Moreover, given the debate prior to passage of the PPACA as to whether it includes taxpayer funding for abortion, the gist or sting of the statements appears to have at least some truth, to be substantially true, or to be subject to differing interpretations. Driehaus vocally opposed the PPACA because of his concerns about federal funding for abortions but he then voted for it anyway despite the absence of his desired language (the Stupak-Pitts Amendment) in the final version. The Executive Order adds language, but is not part of the PPACA and does not alter the statutory text. In fact, debate continues over the meaning and effect of the PPACA.
Due to the low threshold we have here for a finding of "truth," we need not resolve this debate at a higher level of specificity. For SBA List to overcome Driehaus's defamation claim, it is enough that the statements had some truth, were substantially true, or were subject to differing interpretations. Driehaus's own change of position demonstrates that they were….

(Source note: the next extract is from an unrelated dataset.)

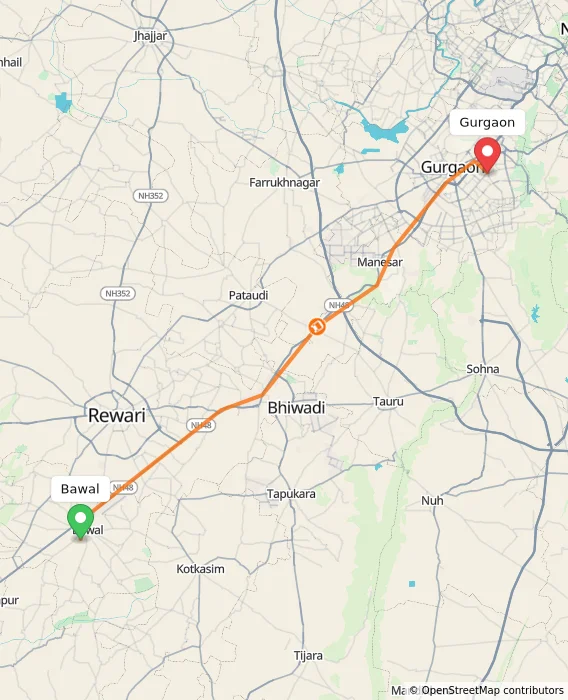 Route map showing distance and travel time from Bawal, India to Gurgaon, India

[2.] For a public official to prove fault, he must satisfy the actual-malice standard; he must prove that the defendant made the statement "with knowledge that it was false or with reckless disregard [for] whether it was false or not." …
Even if Driehaus could prove that the PPACA does not include any taxpayer funding of abortion, thus making SBA List's statements actually or technically false, we can find no evidence to support Driehaus's claim that SBA List "knew" the statements were false or "entertained serious doubts as to their truth."Rather, all of the evidence supports a finding that SBA List did then, and does now, believe emphatically that the statements are true: that the PPACA includes taxpayer funding for abortions. Moreover, given that SBA List's mission is "ending all federal funding of abortion," SBA List would have no cause to criticize or campaign against either the PPACA or Driehaus if it did not believe that the PPACA included taxpayer funded abortions. Rather, one would expect SBA List to support an anti-abortion candidate, particularly one who had been as outspoken as Driehaus had been in opposing federal taxpayer funding of abortion.
Driehaus cannot show any basis by which we could find actual malice. Consequently, SBA List is entitled to summary judgment on this defamation claim.